Already my colleague, the Rev. Lynn Ungar, has written a grounded, comforting piece in response to the tragedy. At least for me, her words say exactly what needs to be said in the immediate aftermath of a tragedy like this:
We don’t know, and we can’t imagine. And maybe it isn’t such a bad thing to sit with those two facts. We don’t know. And so it does no good to speculate about foreign terrorists or domestic terrorists or mental illness or right-wing or left-wing conspiracies. We don’t know. Maybe by the time you read this, we will. But for the meantime we just have to live with horrible suffering for no known reason….
However many of these horrible, heart-wrenching events happen, they will only be perpetrated by the most infinitesimal fraction of the population, while the rest of us watch and pray and donate blood and do whatever we can to hold safe not only our children and our friends, but also complete strangers whose suffering we can, alas, imagine. I can’t say whether it’s enough, but it’s how we live in this world.
I was originally going to share a few thoughts on enlightenment in my newsletter column. Enlightenment is our ministry theme for May. I was wondering whether I should address the Buddhist concept of enlightenment or offer a few reminders about the influence of the European Enlightenment on Unitarian Universalism. But not now. After listening to the news; after watching the footage of carnage and chaos on Boylston Street in downtown Boston; after connecting with friends and family who live in Boston; and after explaining once again to my boys that “something bad” happened, that someone set off a bomb in Boston (my boys love Boston), that I wanted them to hear it from me and not someone else, and that we are safe (how many times can I keep assuring them of this before they start to doubt my words?)—after all this I am reminded that whatever degree of enlightenment we’ve attained in our lives, however spiritually advanced we are, there are moments in which, as Rev. Ungar says, “we don’t know, and we can’t imagine.”
This is one of those moments. How to understand it? How to explain it? Yes, there will be answers. The authorities will likely figure out who did this and why. The perpetrators will likely “feel the full weight of justice,” as the President said in his remarks about the bombing. But how can we ever fully understand what goes through the mind of someone or someones intent on wreaking this kind of havoc? How can we ever fully understand what drives someone or someones to carry out this kind of violence? What could have possibly broken them so much that they would feel so driven to break others in this merciless way?
Our hearts go out to the victims and their families.

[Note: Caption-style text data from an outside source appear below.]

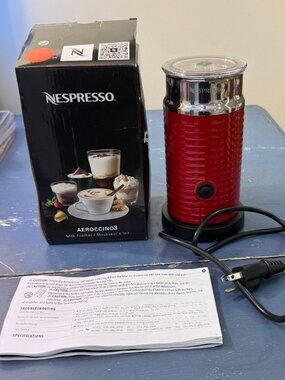 Nespresso Aeroccino3 Milk Frother Red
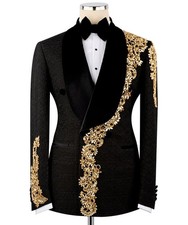 Lace Dress Suits for Men Slim Fit Wedding Tuxedos Shawl Lapel Beads Appliques
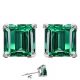 Princess CZ Emerald Birthstone Gemstone Stud Earrings 14K Gold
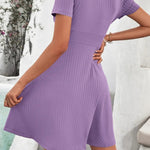 Surplice Short Sleeve Mini Dress - runwayfashionista.com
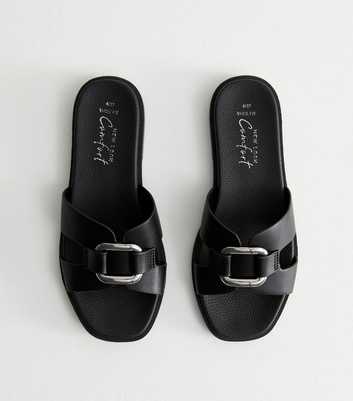 Wide Fit Black Faux Leather Mule Sandals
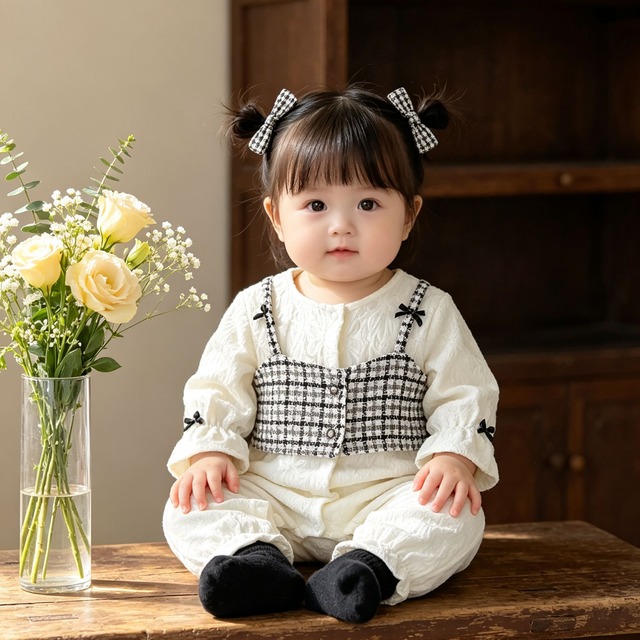 【BABY】可愛いブラックチェックロンパース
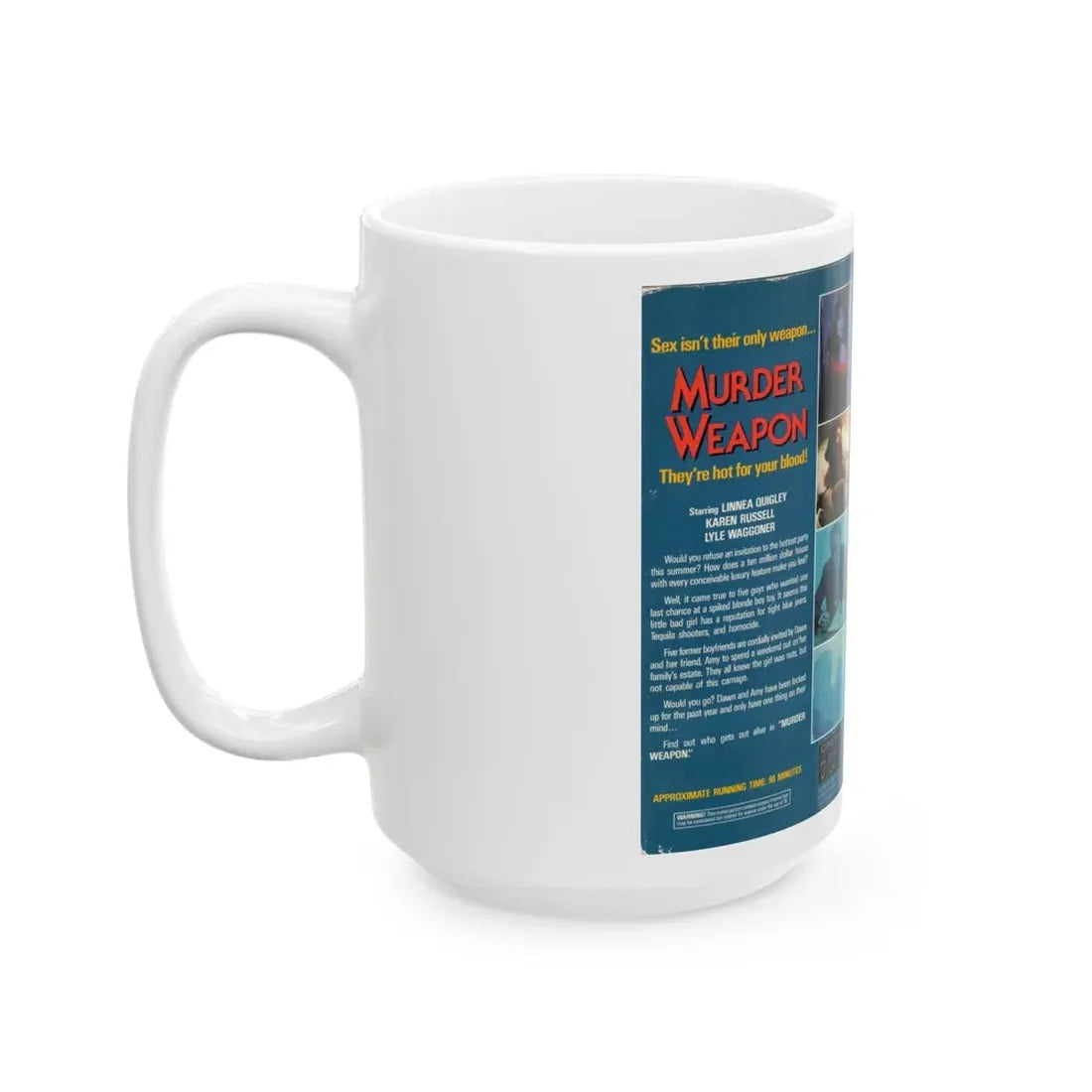 MURDER WEAPON (VHS COVER) - White Coffee Mug - Go Mug Yourself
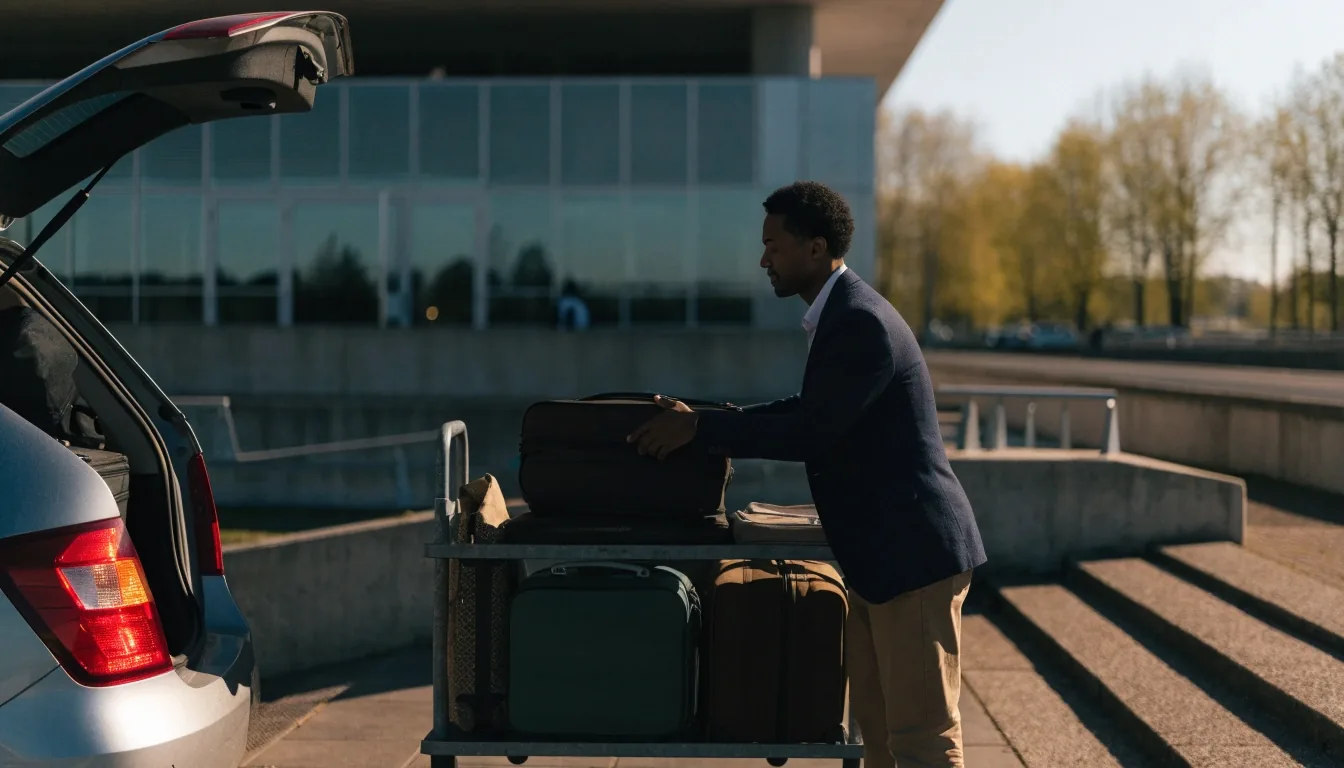 Traveller walking from car park toward terminal with suitcase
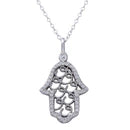 Lhp012699 Sterling Silver Cz Hamsa Necklace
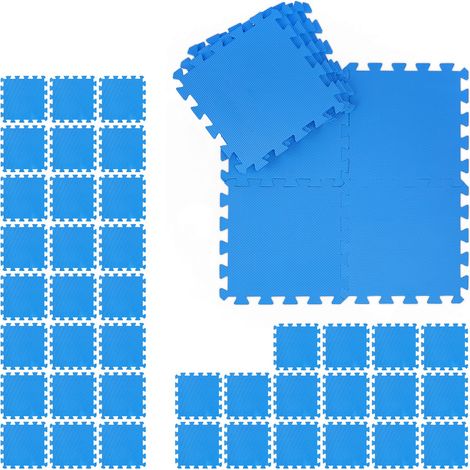 Relaxdays Floor Mat, 48 Protective Tiles, Sports & Fitness Equipment, Bordered, EVA, Surface 4.32m², WxD 30x30 cm, Blue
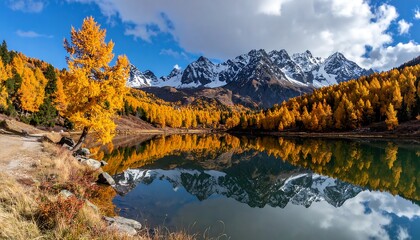 A serene lake mirrors golden autumn trees and snow-capped mountains under a bright blue sky with fluffy clouds
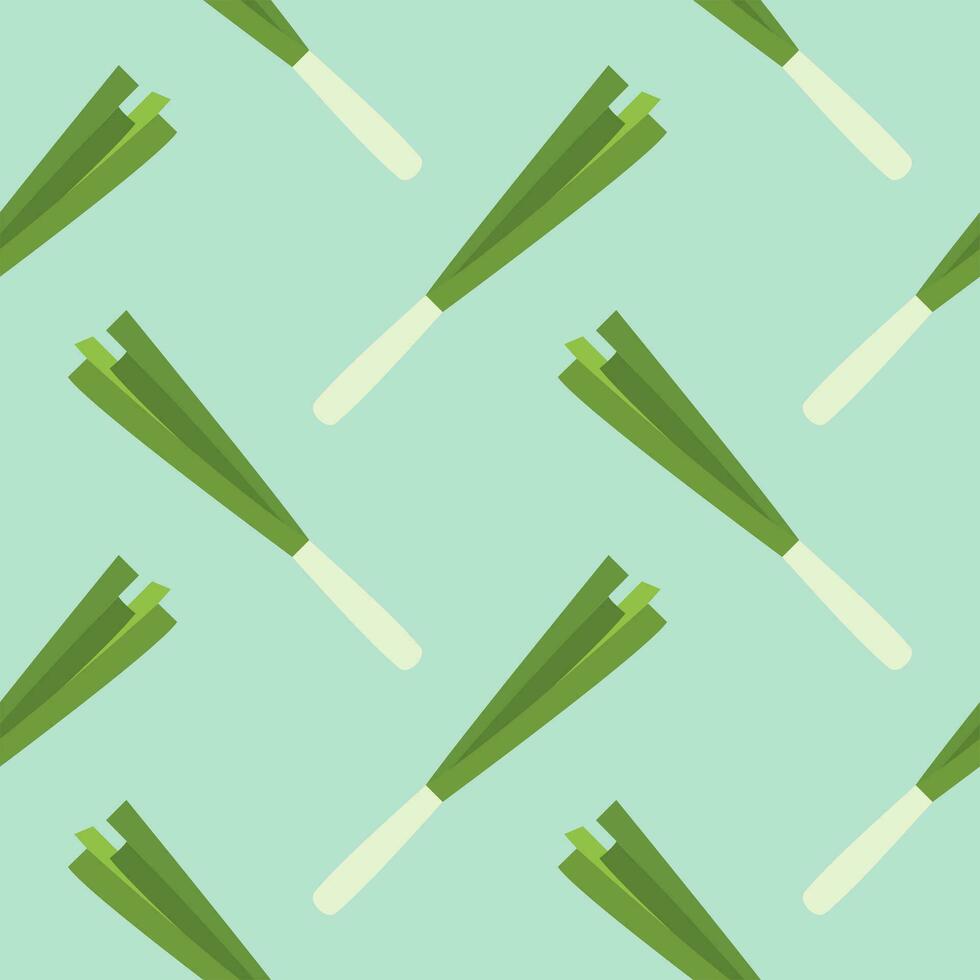 scallion seamless pattern vector illustration. Basil and spring onion pattern design or background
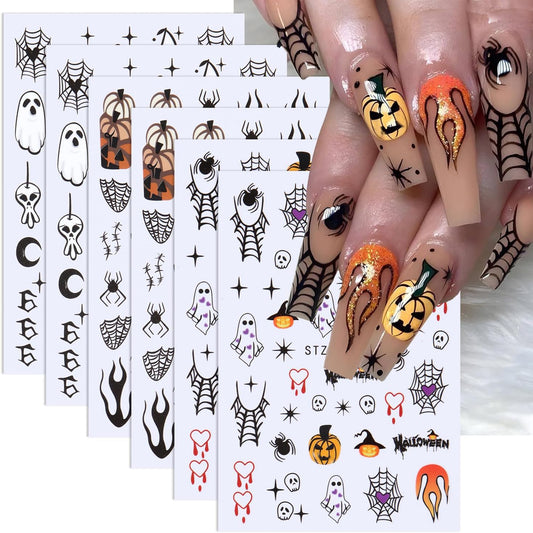 6 Sheets Halloween Nail Art Stickers Spider Web Nail Decals Pumpkin Ghost Nail Stickers Bat Heart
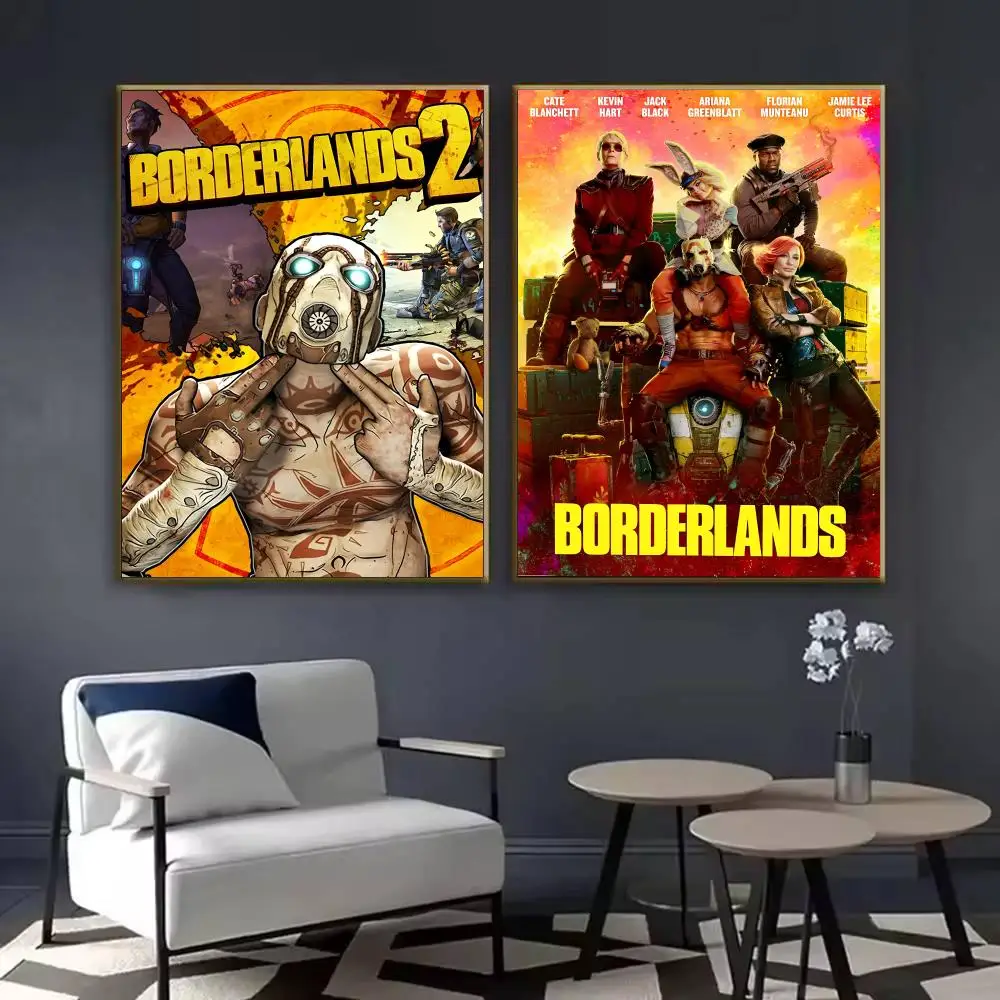 Game B-BORDERLANDS Poster Waterproof Sticky Wall Art Print For Bedroom Living Room Hallway Bar Home Decor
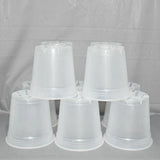 Clear round orchid pots with white rims, 6 in (10-pack)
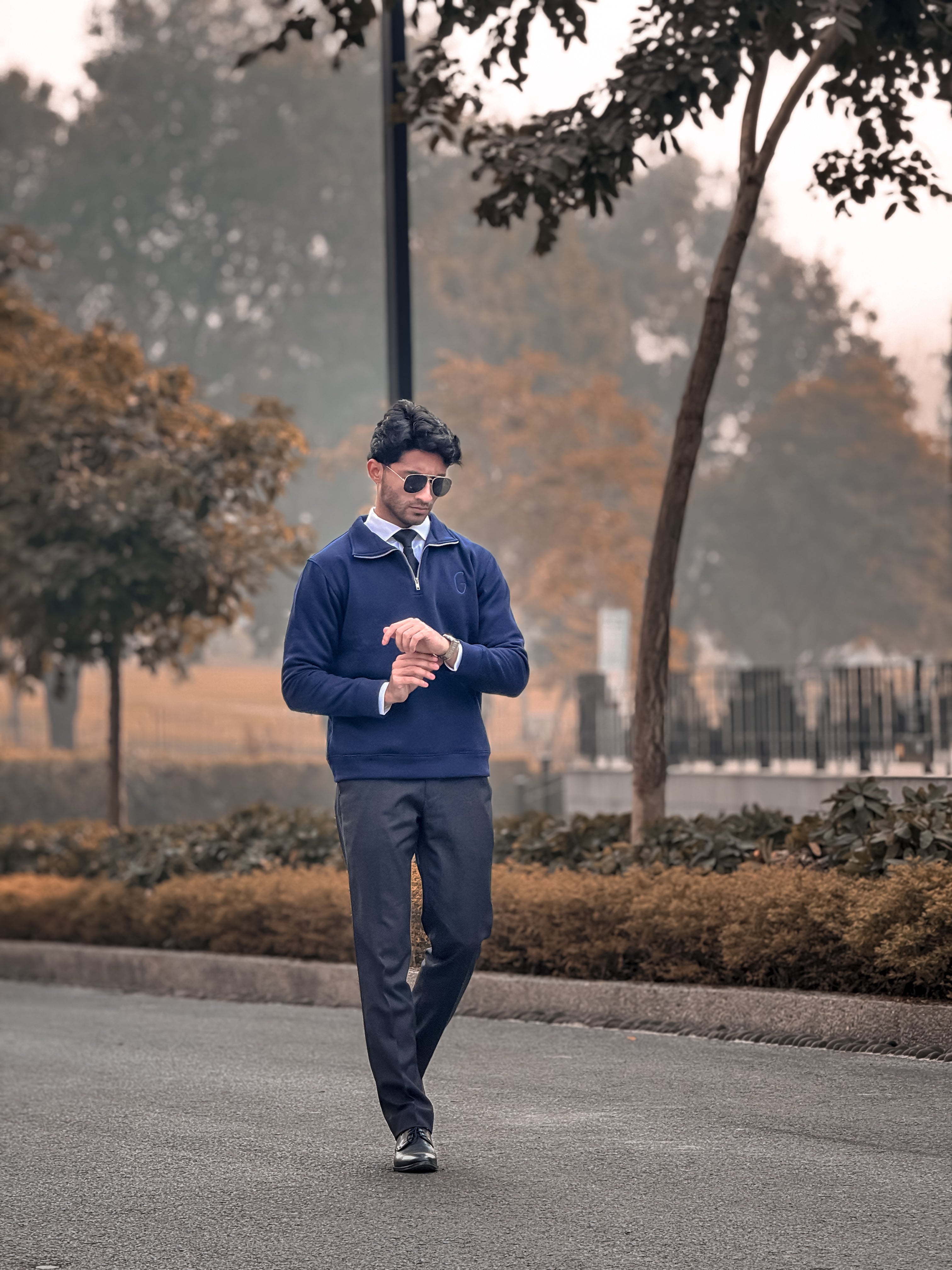 Grags Premium Zipper Sweatshirt Navy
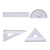 4-Piece Geometry Set 15.3cm Transparent Tools including ruler, protractor, triangle, and set square.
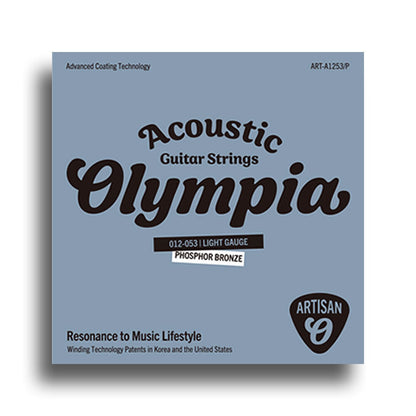 Olympia Artisan Series Coated Phosphor Bronze Light Acoustic Guitar String Set (12-53)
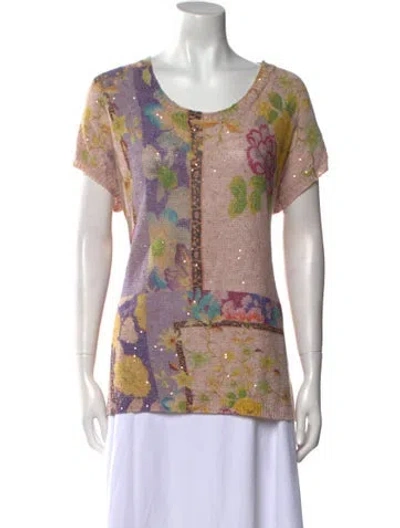 Pre-owned Etro Linen Floral Print Sweater In Neutral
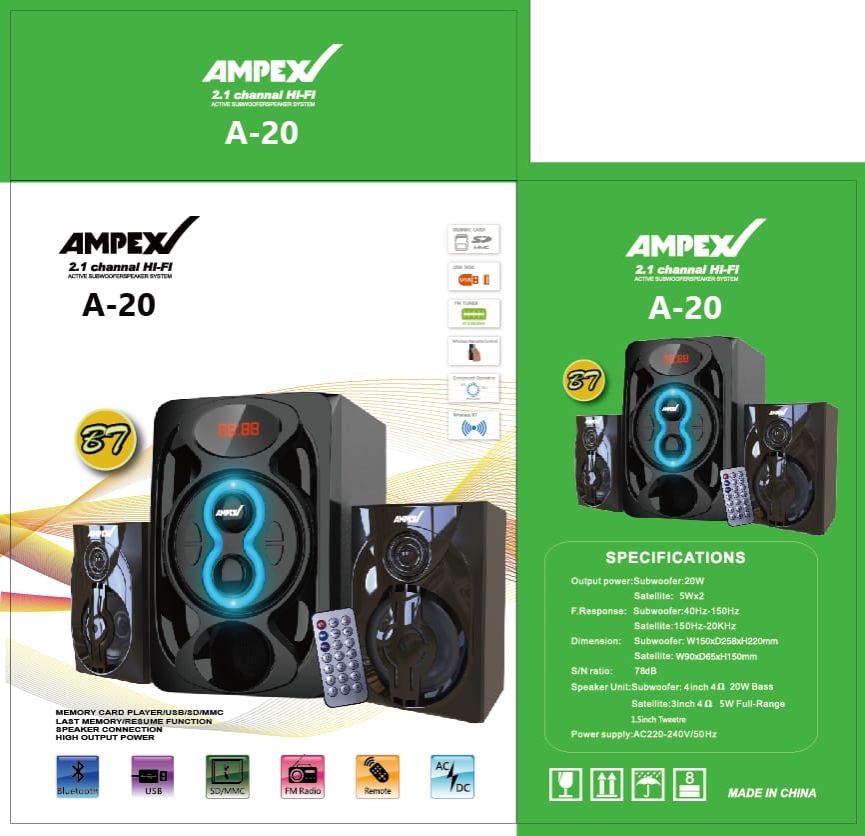 Ampex A-20 2.1 Channel Hi-Fi Active Subwoofer Speaker System with Bluetooth, USB SD MMC Support, FM Radio Tuner, Remote Control, Super Bass Surround Sound, High Power 10000W PMPO Output, Home Theater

At the time of the Newtown shooting I counseled our congregation that in the wake of tragedy we are required to do three things: ground ourselves; attend to the suffering, whatever form it takes; and then enter into the work of repairing the world. This same advice applies now. I think it’s the right pastoral advice. But I admit it feels like a lot in the sense that so many people are still working through the trauma of Newtown. “Now we must add the trauma of Boston?” asked one of my parishioners on the phone. ”Yes, I think we must,” I said. “Whether we like it or not, whether we’re ready or not, what choice do we have?”
We may not be ready. But life has taken a tragic turn. My prayer for us is that we may turn with life into this tragedy and respond to it in all the ways it asks us to respond. My prayer is that we may respond to it with all the grace and dignity we can muster.